Jordan announced on Monday that its ambassador to Israel would return to his post in Tel Aviv three months after he was recalled over "violations" at the Temple Mount - those "violations" referred to talk of allowing equal Jewish prayer rights at the holiest site in Judaism.
"We have asked Ambassador Walid Obeidat to return to Tel Aviv," government spokesman Mohammad al-Momani told AFP.
Jordan recalled Obdeidat on November 5 after Arab rioters attacked police with rocks and other projectiles at the Al-Aqsa Mosque on the Mount, and police responded by locking them in the mosque.
At the time Jordanian Foreign Minister Nasser Judeh described Israel's enforcement of law and order on the site as "violations" and "way beyond the limits."
In response to the escalating tension at the Mount, whereby Arab assailants constantly riot to close the site to Jewish access and Arab nations pressured Israel, Prime Minister Binyamin Netanyahu declared his desire to preserve the discriminatory "status quo" at the site, which is under the de facto rule of the Jordanian Waqf (Islamic trust).
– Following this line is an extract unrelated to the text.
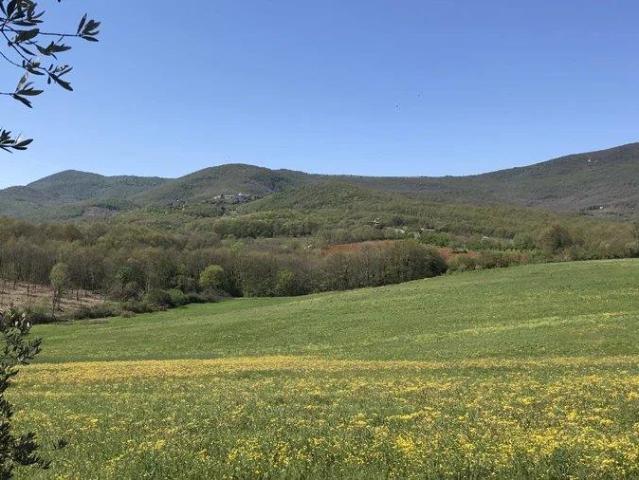 Paradiso da svilupare m² Avigliano Umbro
Under the Waqf, Jews are forbidden from praying; Netanyahu emphasized at the time that Jews would still be allowed to visit their holiest site, but that the discriminatory ban on Jewish prayer would remain.
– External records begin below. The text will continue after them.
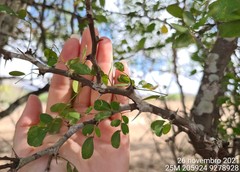 Pithecellobium diversifolium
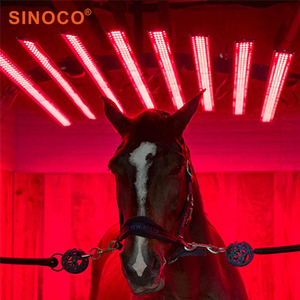 Instrument de thérapie par la lumière infrarouge et rouge SINOCO 1200W pour chevaux chauffage vétérinaire gradation bain de soleil <span class=keywords><strong>Solarium</strong></span> dispositif - Product Image 1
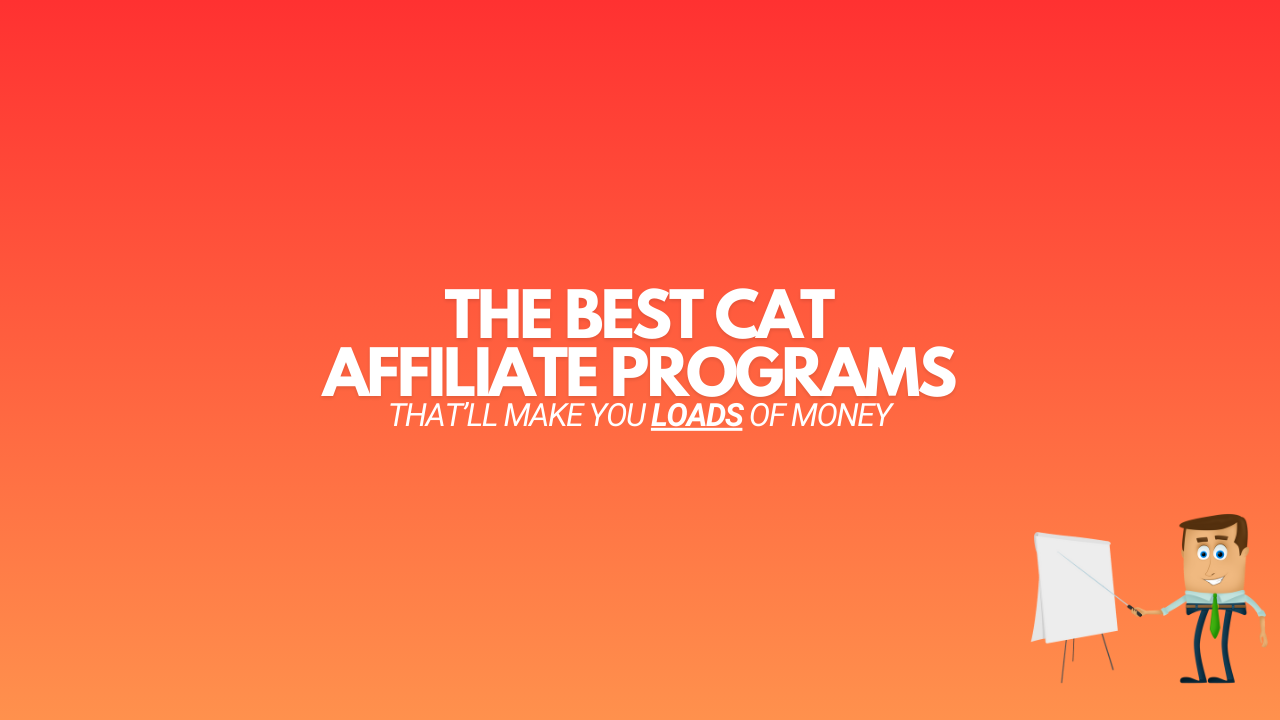 Read more about the article 13 Best Cat Affiliate Programs (That’ll Make You Money in 2024)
Relations with Jordan, Israel's supposed "peace partner," have become more and more openly sour of late, with the Jordanian parliament last November holding a special prayer session for the two Arab terrorists who committed a brutal attack on a Jerusalem synagogue, murdering four Jews at prayer and beheading two of them, as well as murdering a police officer.
Jordan's Prime Minister Abdullah Nsur also sent a letter of condolence to the families of the two murderous terrorists.